La mayoría de los chefs que ganó
alguna estrella Michelin cuenta en entrevistas que aprendió el gusto por
cocinar en su casa; casi siempre, la nostalgia de las recetas preparadas por la
abuela, los ingredientes, los olores, los colores, las formas y el largo ritual
que se desarrollaba en un espacio cálido.
Territorio de las mujeres, de las
generaciones de mujeres, porque ahí cabían todas, las más ancianas, la tía
solterona, la vecina del conventillo, las hijas, la cocinera. Ahí se aprendía a
hornear empanadas y también las historias de la familia, de la comunidad, de la
humanidad. Corrían cuentos y cuentas sobre mitos y leyendas; muchos susurros
que subían de tono cuando cada una quería aportar algo y se detenían cuando
entraba una chiquilla sin edad de conocer las debilidades de los humanos.
Esos fogones, tan menospreciados por
teorías modernas, por las propias mujeres que han repetido decenas de veces
frases contra ese rol; esa “condena” de preparar sopas y de lavar la loza; de
calentar el café y de salir corriendo a la oficina.
Sin embargo, la cocina es la columna
del amor, como recordaba Sui Géneris, en aquellos gloriosos años 70 cuando no
era políticamente incorrecto necesitar alguien que “sepa preparar el té,
besarme después y echar a reír”. Cuando todavía las argentinas uslereaban
ravioles y recogían albahaca en el huerto de la casa o en la maceta de la
ventana. “Que cocine guisos de madre, postres de abuela y torres de caramelo”.

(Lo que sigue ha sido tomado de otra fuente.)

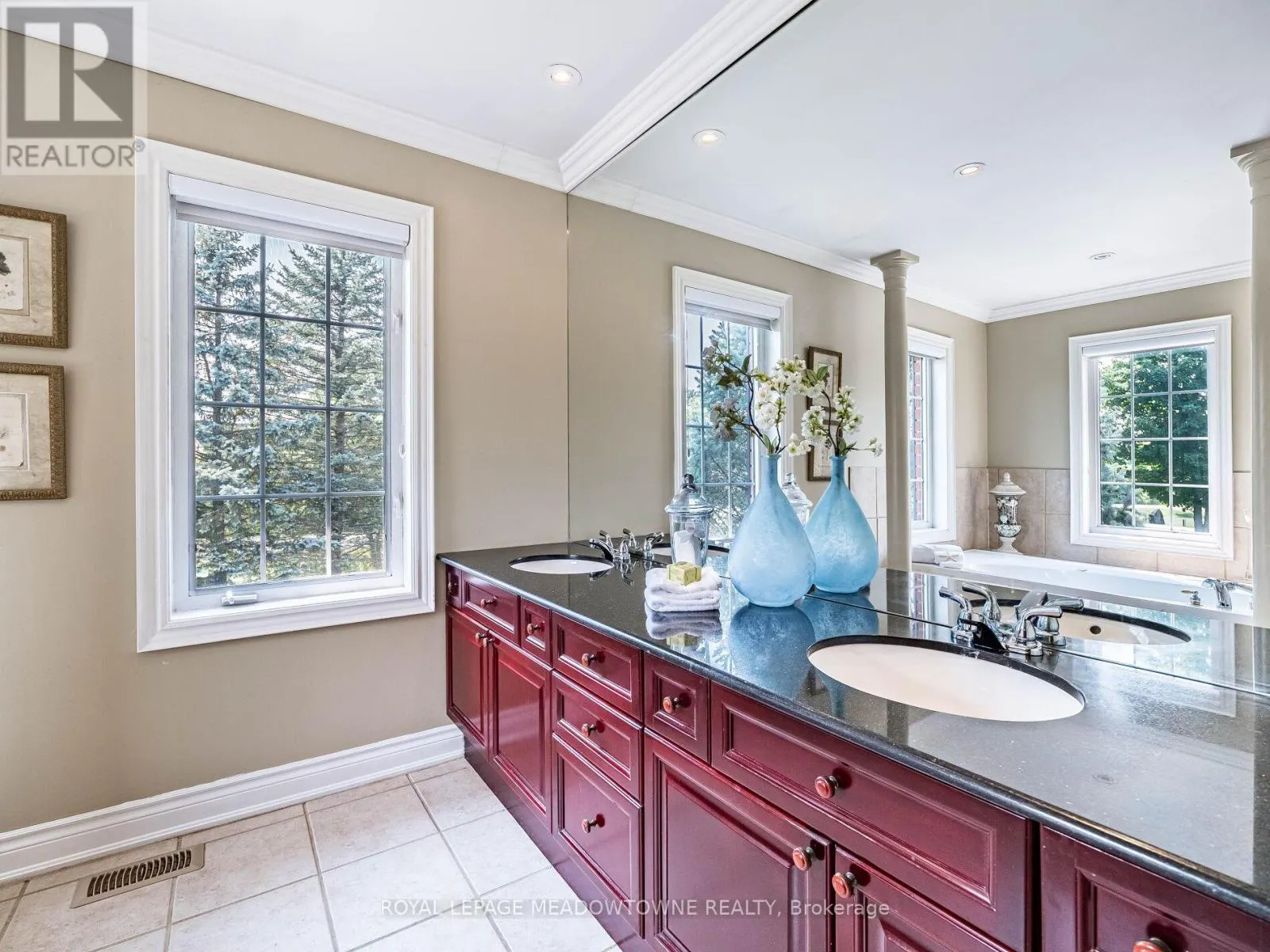 8 DEER RUN CRESCENT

Entre las buenas oportunidades que
nos trae el virus originado en China, está la posibilidad de volver a vivir
desde la cocina hacia dentro de la familia, como la mayor protección amorosa
frente al mal, y hacia dentro de nuestra propia biografía infantil.

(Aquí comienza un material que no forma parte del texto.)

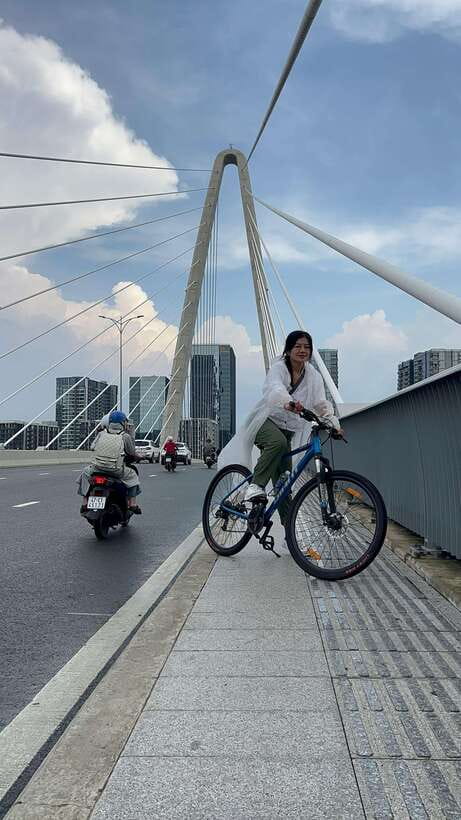 Ho Chi Minh City Sightseeing Cycling Private Tour By Bicycle - Nguyễn Hu Walking Street and Pink Church for Easy, Street-Level Fun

Decenas de reportajes reflejan cómo
viven la pandemia las personas en Berlín o en Bérgamo, en La Paz o en Panamá, y
generalmente hay como un retorno a lo más básico que es garantizar la comida.

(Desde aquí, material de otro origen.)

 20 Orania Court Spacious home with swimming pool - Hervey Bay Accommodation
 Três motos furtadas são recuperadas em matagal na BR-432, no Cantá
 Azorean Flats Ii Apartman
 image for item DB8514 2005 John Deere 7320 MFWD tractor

Ese objetivo como instinto de conservación, acompañado casi siempre de un
esfuerzo colectivo, para retornar al rito de preparar con gusto lo mucho o lo
poco que se consigue.
Comprar alimentos es el nuevo eje de
las familias, sobre todo las de aquellas con hijos pequeños y mucho más en las
casas donde aún vive la abuela. No sólo las amigas se pasan datos de a qué hora
funcionará el mercadito municipal itinerante o quién ofrece un nuevo servicio a
domicilio, sino que se ingresa a un sistema casi inevitable de turnos para
preparar el almuerzo o la cena.
En tribus más extendidas, aún con
ingredientes limitados, se comparte una sana competencia para cocinar un
platillo sabroso. Sobre todo, porque cada uno siente que de pronto la vida
cobra una gran importancia. Estar vivo; ojalá fuera del alcance del maligno
coronavirus. Hay que compartir y, una vez más, el mejor lugar para conversar es
alrededor de una mesa.
Aún aquellos con mucho teletrabajo y
tareas e sus hijos escolares, aprenden a reordenar el tiempo dedicado al
alimento, al pan y al vino. Aunque abunden recetas de comida saludable, métodos
para no engordar en la cuarentena, ejercicios con instructoras chillonas, el
mejor y más sano espacio para el disfrute es retornar al calor de la cocina.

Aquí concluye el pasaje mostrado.